Laura Parsons, currency analyst at TorFX, spoke to Express.co.uk about the potential upturn.
She said: “After a fairly uneventful day the GBP/EUR exchange rate closed out Monday’s European session trading in the region of €1.159.
“As long as we don’t see any surprising Brexit developments today, the pound could be moved by the UK’s latest employment figures.
“Solid average earnings data could be enough to give the pound a little boost.”
Meanwhile the scenario for the Euro could be turned on its head for the worst.
Laura added: “The ZEW economic sentiment surveys, meanwhile, could undermine demand for the euro if they show a decline in sentiment.”

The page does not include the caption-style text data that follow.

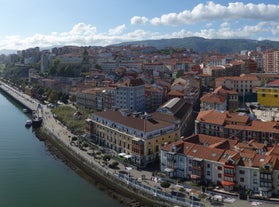 Photo of aerial view of Vizcaya bridge over the river and cityscape at Portugalete, Spain.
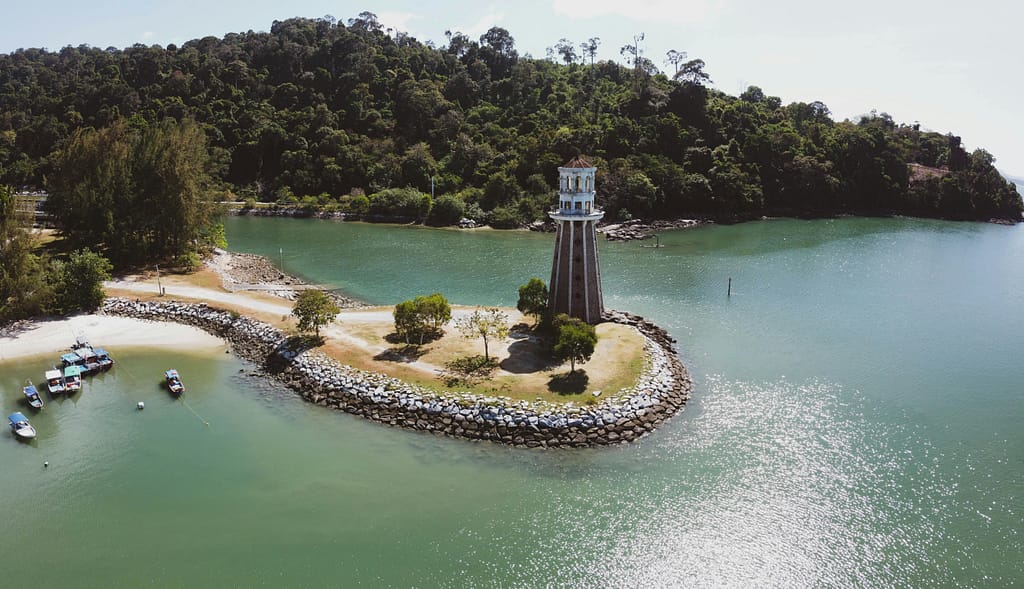 Scenic aerial view of a lighthouse on lush island in Langkawi, Malaysia.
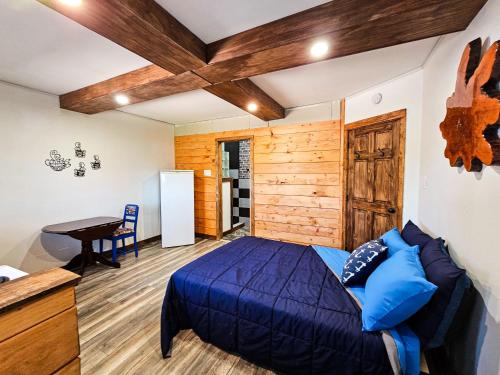 ein Schlafzimmer mit einem blauen Bett und einer Holzwand in der Unterkunft Gite touristique eaux bons vievents in Lac-Bouchette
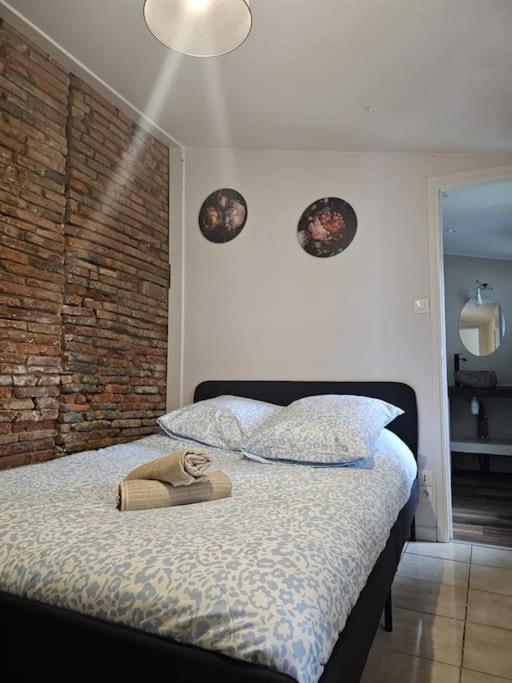 une chambre avec un lit avec un chapeau dessus dans l'établissement L'Aristide proche gare parking facile, à Montauban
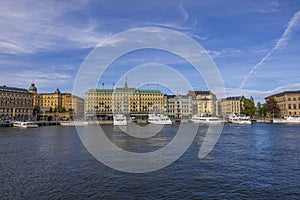 Beautiful view of grand hotel in the center of Stockholm on Baltic coast with ships moored to pier.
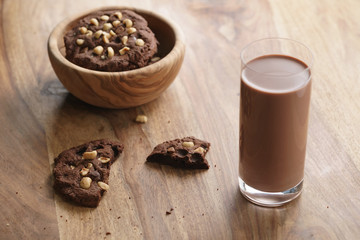 chocolate milk in glass with homemade chocolate cookies with hazelnuts, sweet breakfast
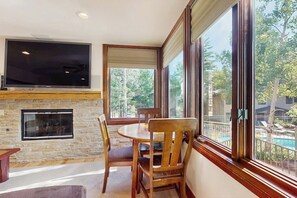 A modern living room with a stone fireplace, a flat-screen TV, and a dining area with wooden chairs. - Mountain Gem Walking Distance From Slopes w/Shared Pool & Hot Tubs, Free WiFi (Snowmass)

Yesterday, Express.co.uk reported how the pound was under “pressure” at the start of a new week of trading.
It comes after UK Prime Minister, Theresa May, secured an extension for her Brexit divorce deal last week.
Michael Brown, senior analyst at Caxton FX, said of the repercussions of extending the process until October 31, the UK’s new Brexit leave date: “The granting of an extension may support the pound due to the avoidance of an imminent no-deal exit.
“However the deadlock in Westminster over the way forward is likely to cap any rallies unless cross-party talks are more fruitful this week.”
Yet there was some possible news amid Brexit uncertainty.
The euro received a boost thanks to February’s German industrial production rising by a higher-than-forecast 0.7 per cent, helped by a pickup in construction.
In a statement, the German Economy Ministry said: “The industrial sector is expected to remain subdued given the weak development in orders and the gloomier business climate.
“The construction sector remains in a boom. The relatively mild weather contributed to the good result in February.”
It remains to be seen just how much employment, and other non Brexit factors, will affect the strength of the pound today.